What is required: For each entry, repeat the text exactly and omit any picture it holds.

Exercise materials:
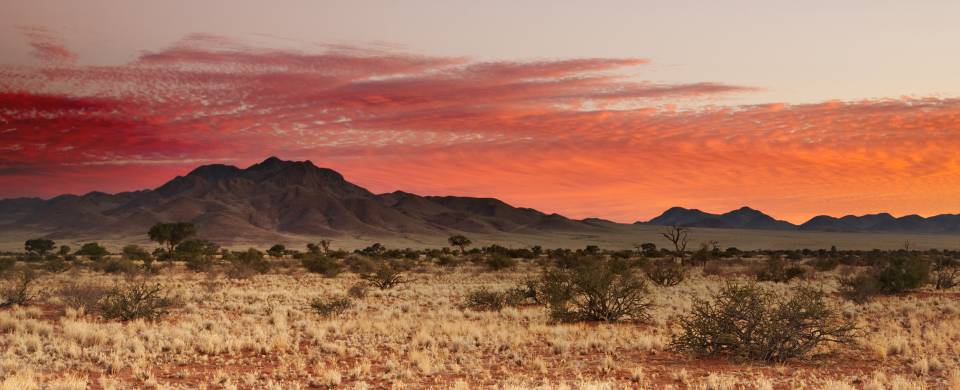 Red sky over the golden grass and sand of the Southern Kalahari, Namibia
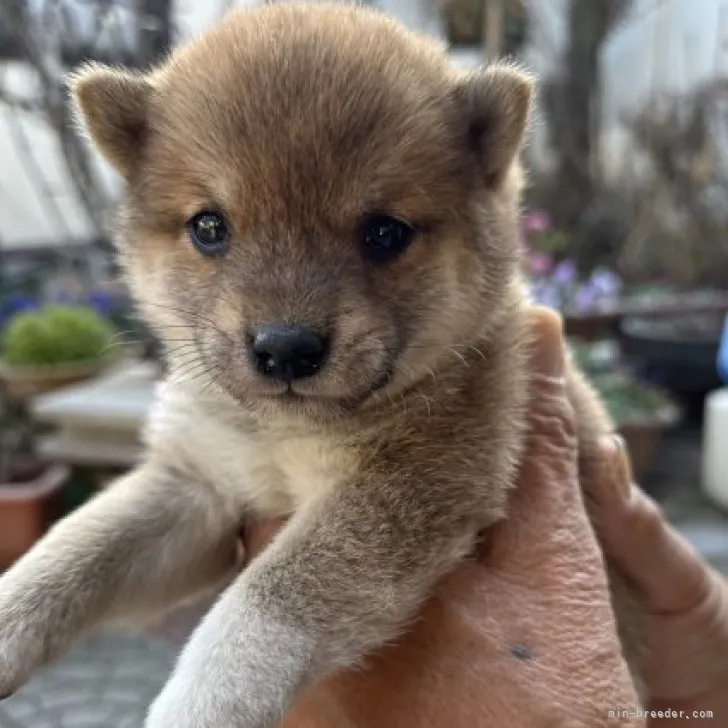 ID:2301-00474の子犬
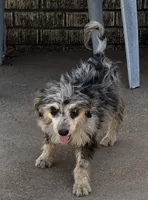 Freckles - Blue Merle Male 2, a male Miniature Aussiedoodle for sale in Lawton, OK – 3 of 10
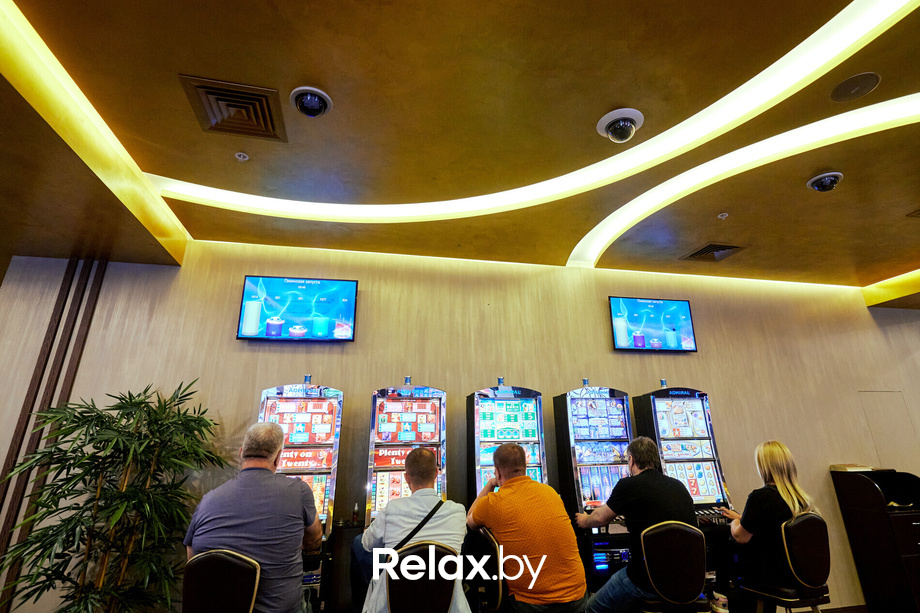 Пекинская капуста, фото № 26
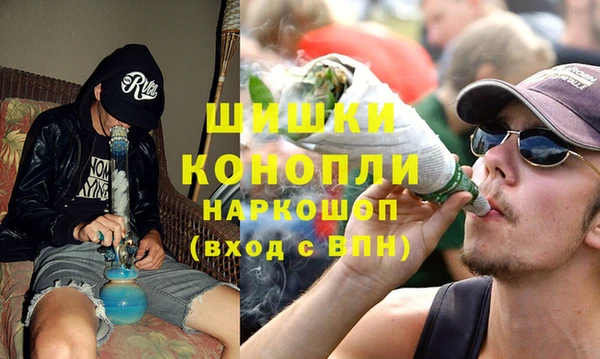 индика Беломорск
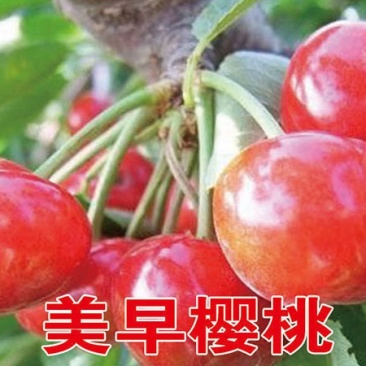 美早樱桃苗基地直销品种纯正假一赔十诚信商家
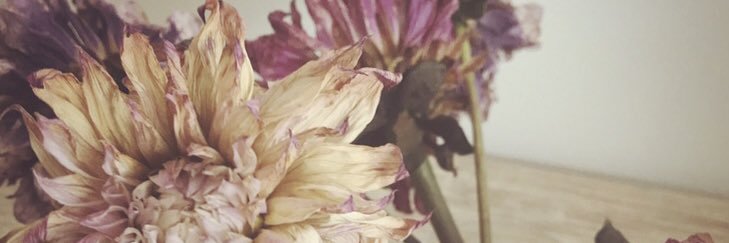 khr_i's profile banner image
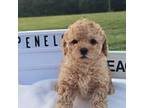 Poodle (Toy) Puppy for sale in College Station, TX, USA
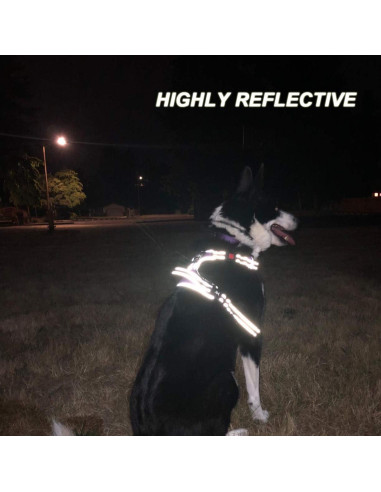 Arnés para Perros PoyPet XS Ajustable Reflectante Azul Menta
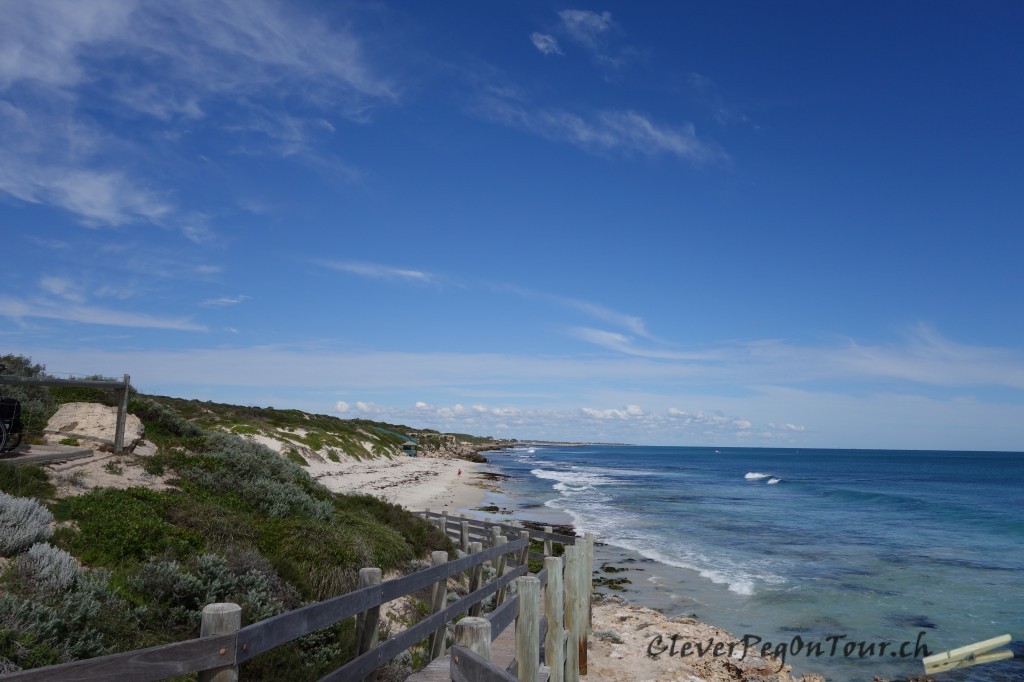 Australia were here (13)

Response for this exercise:
 Red sky over the golden grass and sand of the Southern Kalahari, Namibia
 ID:2301-00474の子犬
 Freckles - Blue Merle Male 2, a male Miniature Aussiedoodle for sale in Lawton, OK – 3 of 10
 Пекинская капуста, фото № 26
 индика Беломорск
 美早樱桃苗基地直销品种纯正假一赔十诚信商家
 khr_i's profile banner image
 Poodle (Toy) Puppy for sale in College Station, TX, USA
 Arnés para Perros PoyPet XS Ajustable Reflectante Azul Menta
 Australia were here (13)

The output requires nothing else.